Collected data —
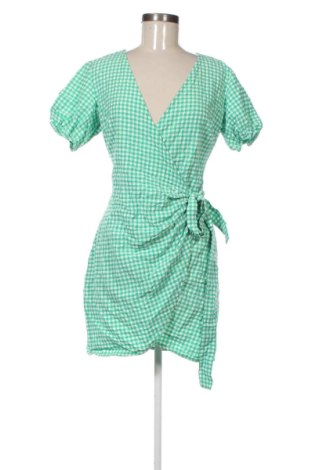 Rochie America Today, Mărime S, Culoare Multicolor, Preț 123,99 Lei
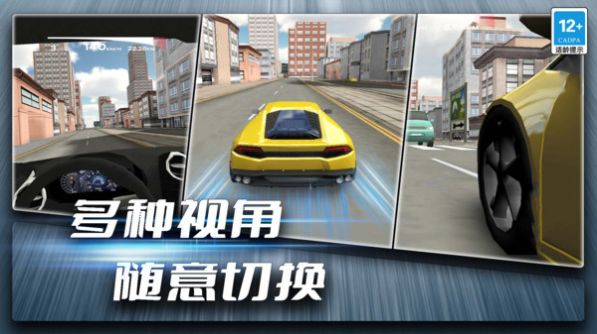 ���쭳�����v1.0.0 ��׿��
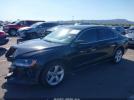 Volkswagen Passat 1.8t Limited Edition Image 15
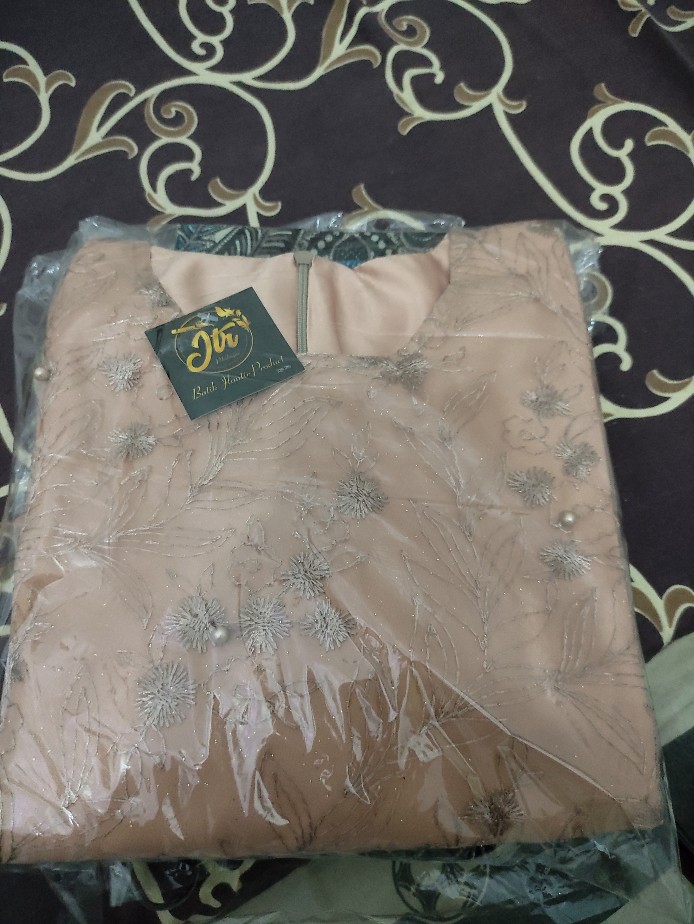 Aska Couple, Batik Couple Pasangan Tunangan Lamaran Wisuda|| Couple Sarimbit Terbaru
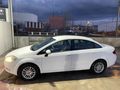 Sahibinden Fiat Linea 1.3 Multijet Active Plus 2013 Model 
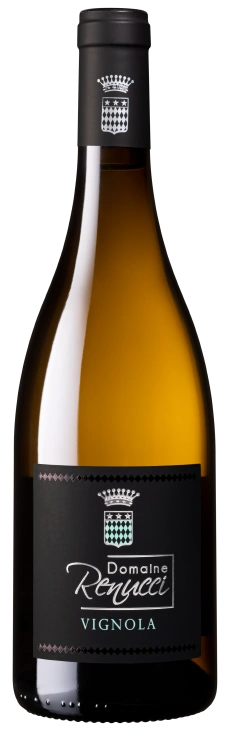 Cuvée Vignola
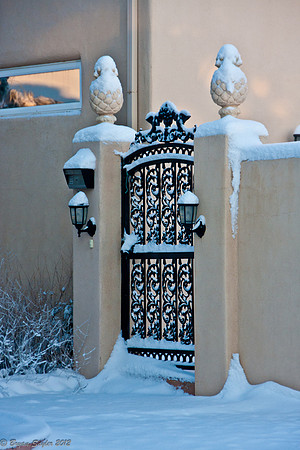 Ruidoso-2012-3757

PROBLEM TO SOLVE —
The records above must be output exactly, except for the pictures.

RESULT OF THIS TASK —
 Rochie America Today, Mărime S, Culoare Multicolor, Preț 123,99 Lei
 ���쭳�����v1.0.0 ��׿��
 Volkswagen Passat 1.8t Limited Edition Image 15
 Aska Couple, Batik Couple Pasangan Tunangan Lamaran Wisuda|| Couple Sarimbit Terbaru
 Sahibinden Fiat Linea 1.3 Multijet Active Plus 2013 Model 
 Cuvée Vignola
 Ruidoso-2012-3757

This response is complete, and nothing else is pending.